Mouse endothelial CD40 expression does not play a role during the development of transplant arteriosclerosis.
Ensminger SM., Spriewald BM., Fischlein T., Weyand M., Morris PJ., Wood KJ.
Endothelial cells (ECs) are of major interest in allograft rejection. The authors and others have recently shown in different mouse allograft models that, during the development of transplant arteriosclerosis, donor ECs are replaced by recipient ECs. It was the aim of this study to characterize the phenotype of ECs during the development of transplant arteriosclerosis further, with particular interest in their capability to express CD40. Abdominal aortic allografts were transplanted across a full major histocompatibility complex (MHC) barrier using BALB/c (H-2d) mice as donors and C57BL/6 (H-2b) mice as transplant recipients. Aortic allografts were harvested on days 7 and 30 after transplantation and analyzed by double-immunohistochemistry for expression of CD40 and CD31. As the authors have previously shown that ECs in the aortic allograft model are of donor origin on day 7 after transplantation, whereas by day 30 donor ECs have been replaced by ECs of recipient origin, these two time points were chosen for analysis of CD40 expression.
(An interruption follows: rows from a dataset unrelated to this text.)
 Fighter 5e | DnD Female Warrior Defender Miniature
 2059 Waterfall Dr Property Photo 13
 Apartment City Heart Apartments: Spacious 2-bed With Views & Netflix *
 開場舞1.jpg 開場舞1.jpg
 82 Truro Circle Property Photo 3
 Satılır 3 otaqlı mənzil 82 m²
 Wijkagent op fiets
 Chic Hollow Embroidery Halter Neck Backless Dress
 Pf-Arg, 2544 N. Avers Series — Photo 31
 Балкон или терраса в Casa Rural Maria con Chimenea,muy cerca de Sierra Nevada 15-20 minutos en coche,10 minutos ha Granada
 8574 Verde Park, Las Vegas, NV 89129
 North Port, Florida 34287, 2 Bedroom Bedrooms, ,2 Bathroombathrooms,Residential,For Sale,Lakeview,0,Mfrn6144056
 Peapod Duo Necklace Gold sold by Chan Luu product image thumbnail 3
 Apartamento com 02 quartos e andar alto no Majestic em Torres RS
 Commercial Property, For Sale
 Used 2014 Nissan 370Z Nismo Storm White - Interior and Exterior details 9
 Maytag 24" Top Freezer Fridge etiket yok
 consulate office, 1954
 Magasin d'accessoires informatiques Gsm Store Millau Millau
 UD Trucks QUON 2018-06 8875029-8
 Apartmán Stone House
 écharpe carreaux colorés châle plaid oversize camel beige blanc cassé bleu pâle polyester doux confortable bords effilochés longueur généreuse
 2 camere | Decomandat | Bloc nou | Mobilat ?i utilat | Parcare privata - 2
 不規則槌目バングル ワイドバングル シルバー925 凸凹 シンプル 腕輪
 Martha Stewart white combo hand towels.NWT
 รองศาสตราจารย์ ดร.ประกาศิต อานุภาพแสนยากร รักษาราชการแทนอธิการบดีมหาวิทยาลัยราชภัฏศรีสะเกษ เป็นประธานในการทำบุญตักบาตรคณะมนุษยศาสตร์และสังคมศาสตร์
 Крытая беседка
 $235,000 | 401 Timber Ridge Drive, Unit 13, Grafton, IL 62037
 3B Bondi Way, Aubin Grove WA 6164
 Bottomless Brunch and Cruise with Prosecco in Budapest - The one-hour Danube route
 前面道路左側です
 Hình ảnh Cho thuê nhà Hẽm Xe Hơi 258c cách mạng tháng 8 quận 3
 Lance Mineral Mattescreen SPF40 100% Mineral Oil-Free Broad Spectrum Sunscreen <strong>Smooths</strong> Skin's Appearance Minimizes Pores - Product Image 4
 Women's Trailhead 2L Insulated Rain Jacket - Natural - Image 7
Double-immunohistochemistry for CD40 and CD31 revealed no endothelial expression of CD40 at either time point. These initial results obtained with the anti-CD40 monoclonal antibody (mAb) (clone 3/23) were confirmed by two further experiments using two different anti-CD40 mAbs (clone HM40-3 and clone 1/10) that bind to epitopes of the CD40 receptor distinct to that of 3/23. Neither mAb revealed endothelial expression of CD40. Further analysis of the composition of the cellular infiltrate demonstrated that the majority of macrophages were CD40 positive. The data indicate that in this mouse model of aortic transplantation, neither recipient- nor donor-derived ECs express CD40 during the development of transplant arteriosclerosis. Therefore, in contrast to rat or human ECs, CD40 expression by mouse ECs does not seem to play a major role in this form of allograft rejection.